O discurso tecnocrático de João Matlombe é exemplar porque mostra como a promessa de eficiência pode ser, paradoxalmente, uma forma de imobilismo. Ao apresentar o governo como empresa e o cidadão como cliente, a tecnocracia elimina a dimensão crítica da política e substitui o ideal republicano de governação pelo ideal empresarial de desempenho. No curto prazo, essa retórica oferece conforto por dar a impressão de que o país está a ser “gerido”. Mas, a longo prazo, mina a própria ideia de Estado como espaço de pertença comum.

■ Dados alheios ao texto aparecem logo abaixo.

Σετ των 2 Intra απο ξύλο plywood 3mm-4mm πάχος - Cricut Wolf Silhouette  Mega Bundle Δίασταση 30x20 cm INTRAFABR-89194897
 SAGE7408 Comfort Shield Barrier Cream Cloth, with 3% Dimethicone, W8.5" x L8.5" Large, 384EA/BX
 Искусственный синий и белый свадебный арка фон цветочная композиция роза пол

“Fazer diferente”, nas actuais circunstâncias, não é fazer mais rápido nem falar com mais números. É repolitizar o Estado, restituir à governação o direito e o dever de discutir o que é justo, o que é possível e o que é moralmente aceitável. É admitir que eficiência sem legitimidade é apenas outra forma de autoritarismo, um autoritarismo com planilhas, relatórios e discursos bem redigidos. Enquanto os nossos ministros continuarem a falar como técnicos e não como responsáveis por um destino colectivo, o país vai estar condenado a confundir progresso com movimento. Precisamos duma mudança de consciência política, do que significa, verdadeiramente, governar um país.